Work to be completed => Only one stretch of the data below is needed. Output the lines from the one with "Пензенцев просят поделиться" up to and including the one with "Property at 10", exactly as they stand.

Extracted material =>
+++

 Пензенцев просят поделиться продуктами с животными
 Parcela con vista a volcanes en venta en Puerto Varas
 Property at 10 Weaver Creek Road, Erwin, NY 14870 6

+++

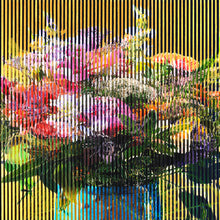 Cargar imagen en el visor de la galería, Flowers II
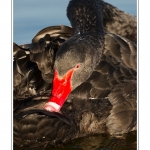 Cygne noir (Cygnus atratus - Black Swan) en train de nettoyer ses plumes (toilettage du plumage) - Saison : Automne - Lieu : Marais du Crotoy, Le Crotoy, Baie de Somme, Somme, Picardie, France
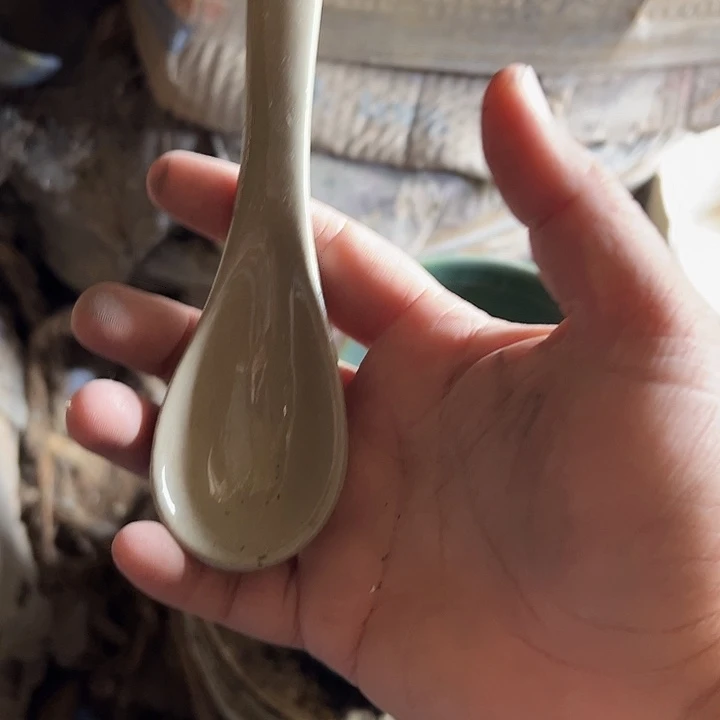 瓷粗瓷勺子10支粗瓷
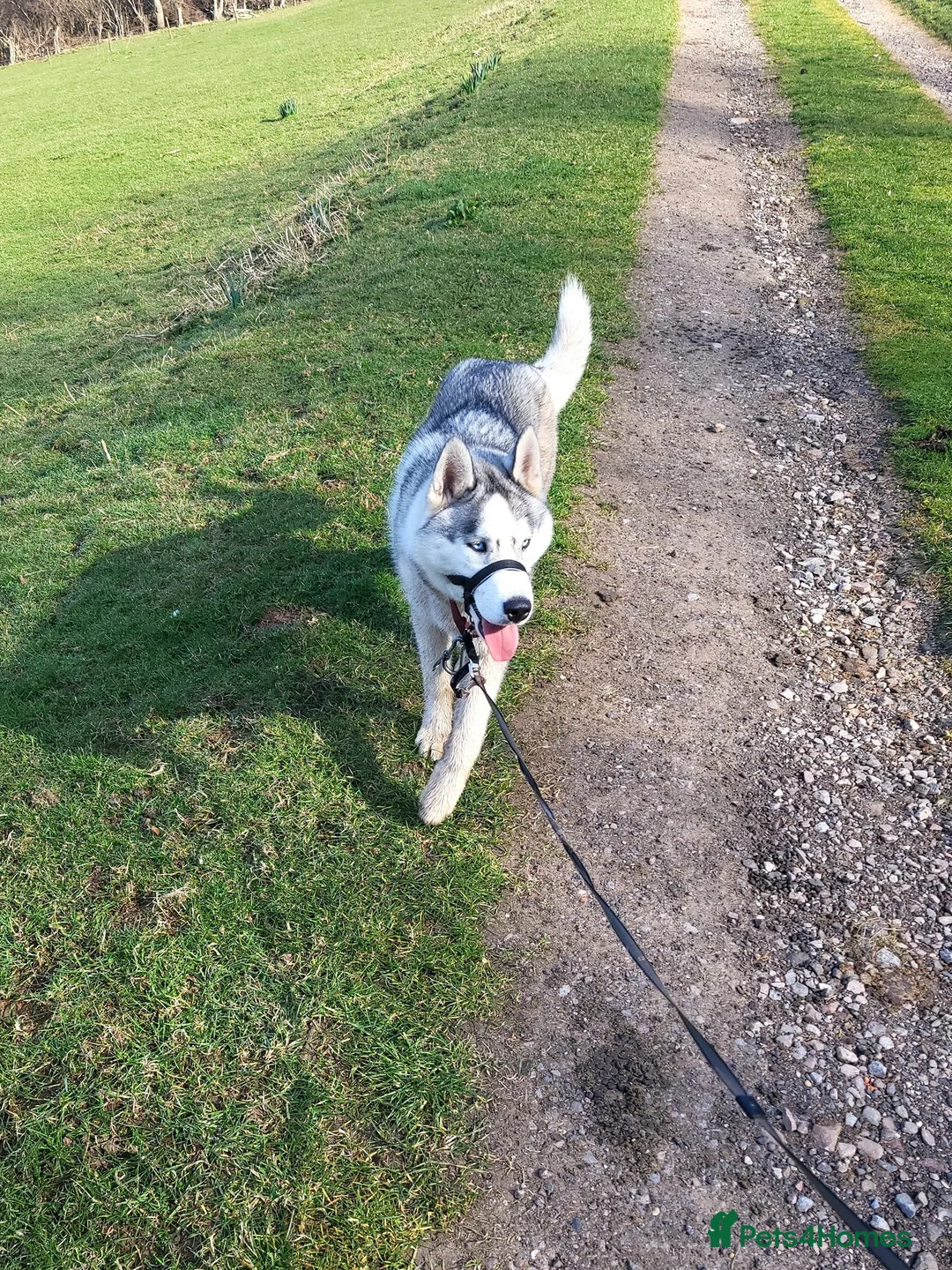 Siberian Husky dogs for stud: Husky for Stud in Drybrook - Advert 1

+++

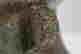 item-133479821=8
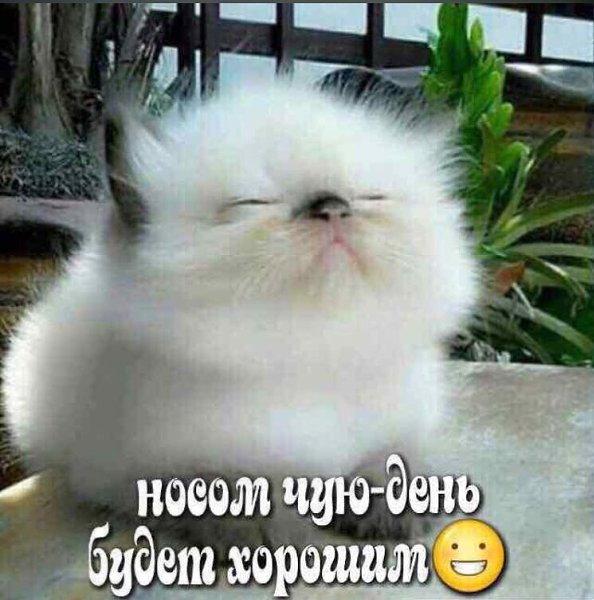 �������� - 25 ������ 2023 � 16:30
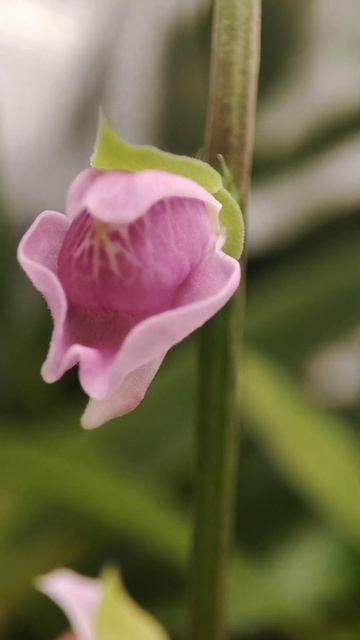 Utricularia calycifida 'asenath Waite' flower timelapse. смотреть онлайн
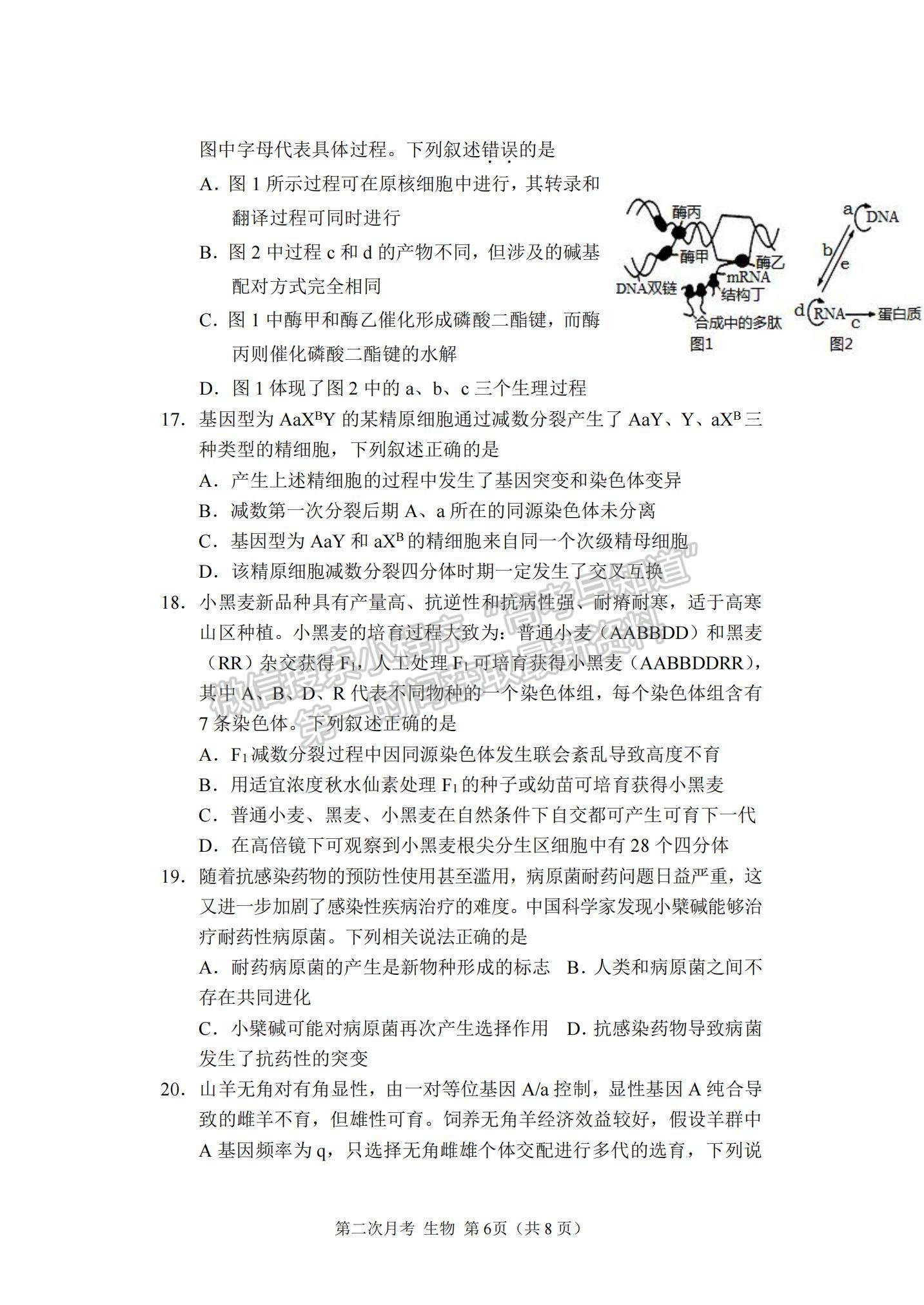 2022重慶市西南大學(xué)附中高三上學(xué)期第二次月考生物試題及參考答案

+++

Finished exercise =>
 Пензенцев просят поделиться продуктами с животными
 Parcela con vista a volcanes en venta en Puerto Varas
 Property at 10 Weaver Creek Road, Erwin, NY 14870 6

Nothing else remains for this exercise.